Raw data:
Segment Open
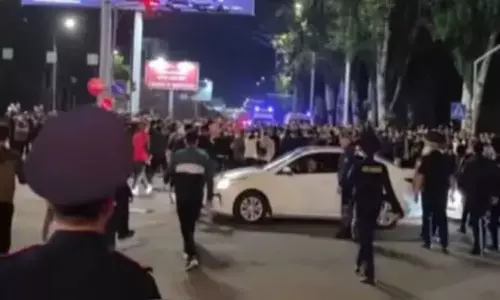 Attacks On India And Pakistan Students In Kyrgyzstan Attacks On India And Pakistan Students In Kyrgyzstan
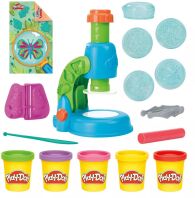 Playdoh Light & Look Microscope (G0494)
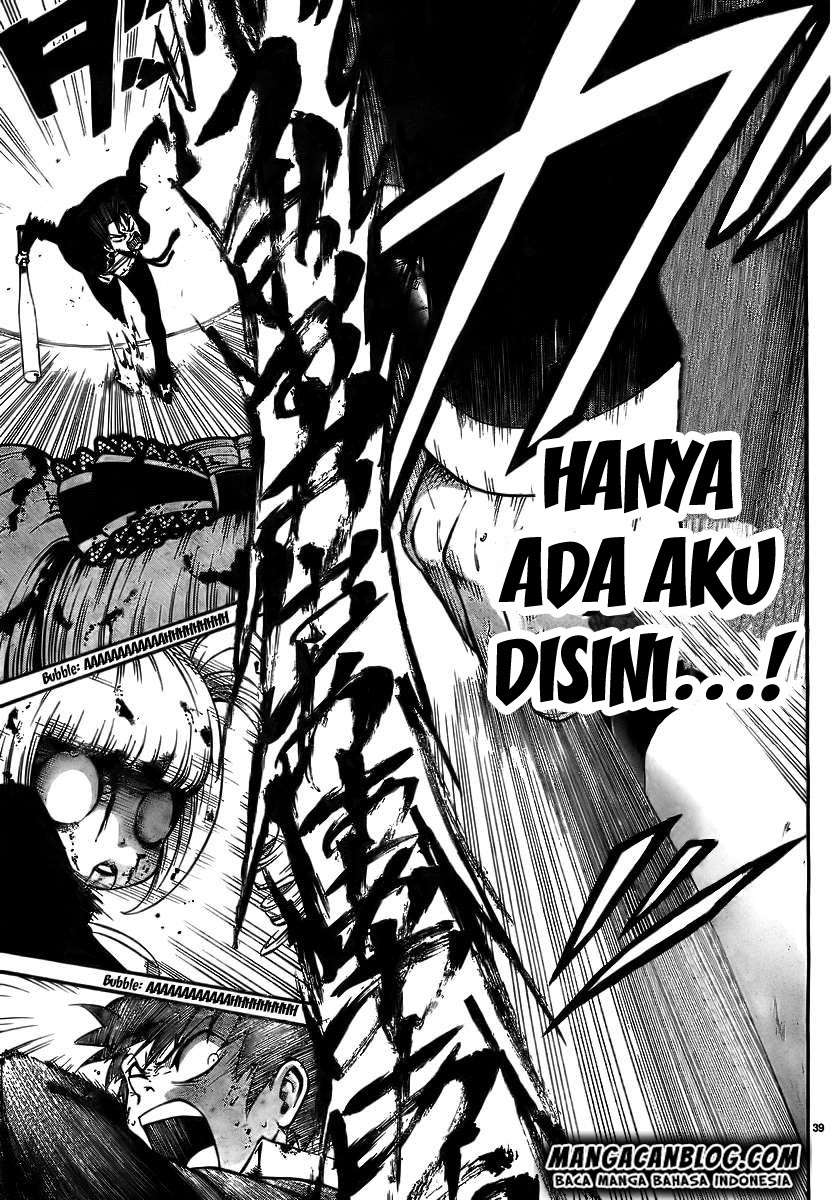 Mahou Shoujo of the End Chapter 1 - halaman 38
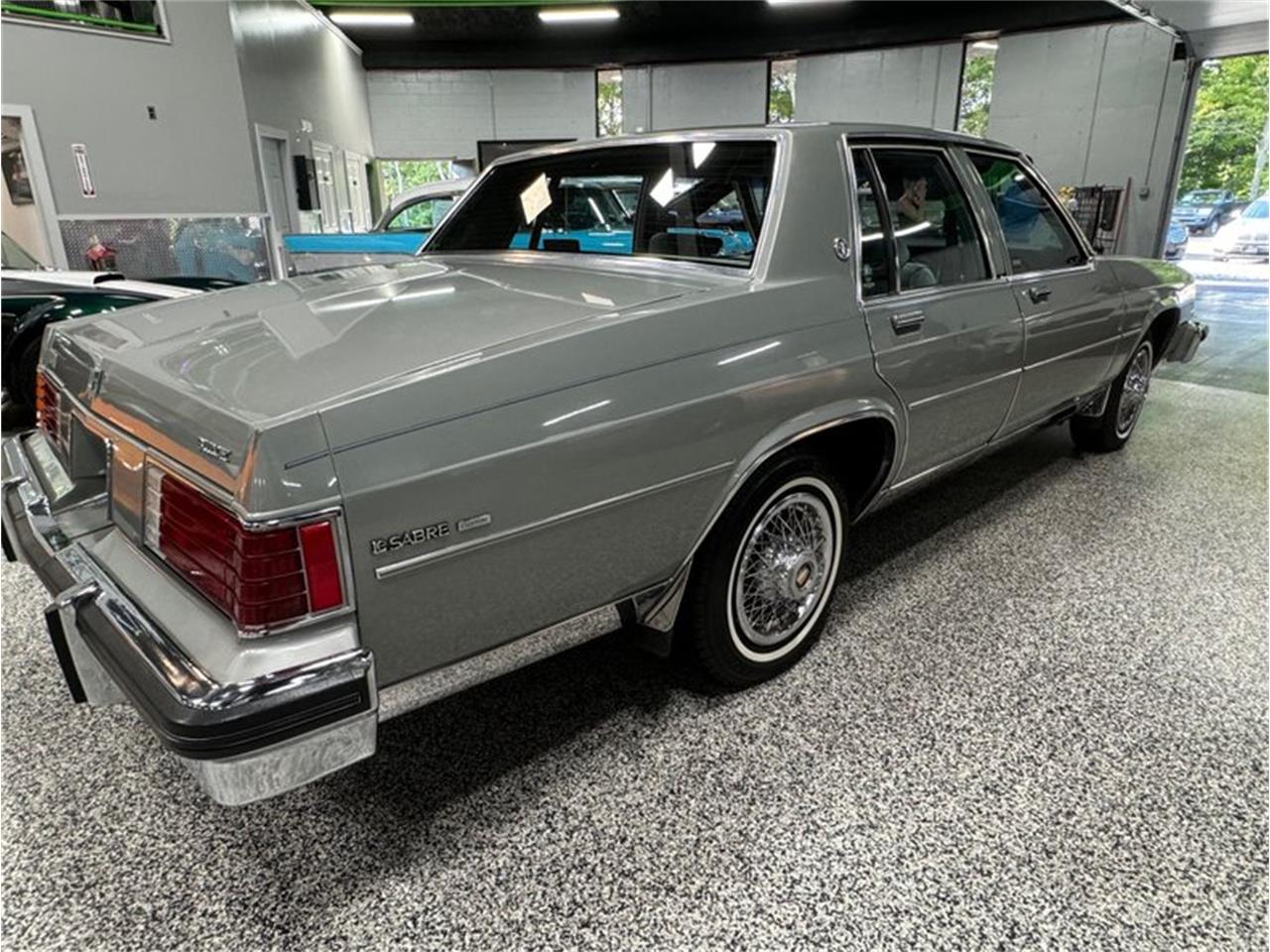 1983 buick lesabre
Segment Closed
What you are asked to do:
Output the lines above in full and exactly as given, omitting any pictures.

Solution to this problem:
 Attacks On India And Pakistan Students In Kyrgyzstan Attacks On India And Pakistan Students In Kyrgyzstan
 Playdoh Light & Look Microscope (G0494)
 Mahou Shoujo of the End Chapter 1 - halaman 38
 1983 buick lesabre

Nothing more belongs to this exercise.